## Task directions
Set out exactly, line by line, the stretch of data below that begins at the line containing "Load image into" and ends at the line containing "K3 (klok + koekendoosje), Ophalen", with both ends kept.

## Recorded data
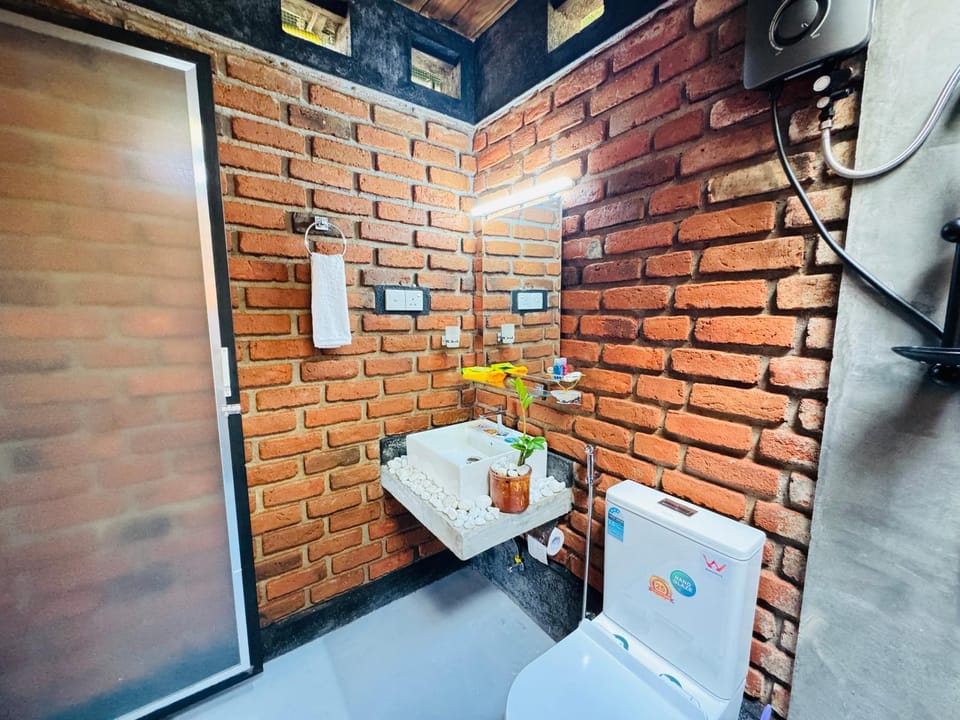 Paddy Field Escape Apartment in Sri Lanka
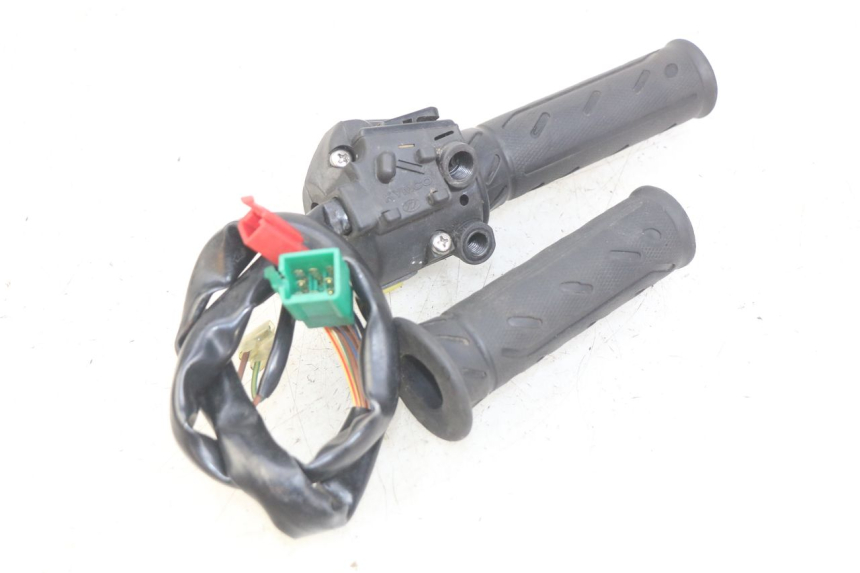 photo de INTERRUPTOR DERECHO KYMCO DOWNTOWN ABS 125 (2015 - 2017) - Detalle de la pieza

==

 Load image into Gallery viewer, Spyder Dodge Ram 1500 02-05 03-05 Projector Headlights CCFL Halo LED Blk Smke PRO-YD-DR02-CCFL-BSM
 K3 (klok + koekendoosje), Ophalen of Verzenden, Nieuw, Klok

## Result of the exercise
 Load image into Gallery viewer, Spyder Dodge Ram 1500 02-05 03-05 Projector Headlights CCFL Halo LED Blk Smke PRO-YD-DR02-CCFL-BSM
 K3 (klok + koekendoosje), Ophalen of Verzenden, Nieuw, Klok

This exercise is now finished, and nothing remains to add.